What you are asked to do |
Write out each line of the material below exactly as given.

Data to process |
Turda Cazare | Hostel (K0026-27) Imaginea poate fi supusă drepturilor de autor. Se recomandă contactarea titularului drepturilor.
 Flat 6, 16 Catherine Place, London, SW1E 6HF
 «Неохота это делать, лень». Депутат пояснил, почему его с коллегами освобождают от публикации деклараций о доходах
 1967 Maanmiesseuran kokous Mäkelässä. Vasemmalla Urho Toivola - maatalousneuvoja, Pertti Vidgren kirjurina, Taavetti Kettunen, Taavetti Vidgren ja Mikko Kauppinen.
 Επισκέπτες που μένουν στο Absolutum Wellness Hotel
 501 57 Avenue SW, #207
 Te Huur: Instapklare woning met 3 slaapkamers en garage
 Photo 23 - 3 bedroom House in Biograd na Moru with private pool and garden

Exercise response |
Turda Cazare | Hostel (K0026-27) Imaginea poate fi supusă drepturilor de autor. Se recomandă contactarea titularului drepturilor.
 Flat 6, 16 Catherine Place, London, SW1E 6HF
 «Неохота это делать, лень». Депутат пояснил, почему его с коллегами освобождают от публикации деклараций о доходах
 1967 Maanmiesseuran kokous Mäkelässä. Vasemmalla Urho Toivola - maatalousneuvoja, Pertti Vidgren kirjurina, Taavetti Kettunen, Taavetti Vidgren ja Mikko Kauppinen.
 Επισκέπτες που μένουν στο Absolutum Wellness Hotel
 501 57 Avenue SW, #207
 Te Huur: Instapklare woning met 3 slaapkamers en garage
 Photo 23 - 3 bedroom House in Biograd na Moru with private pool and garden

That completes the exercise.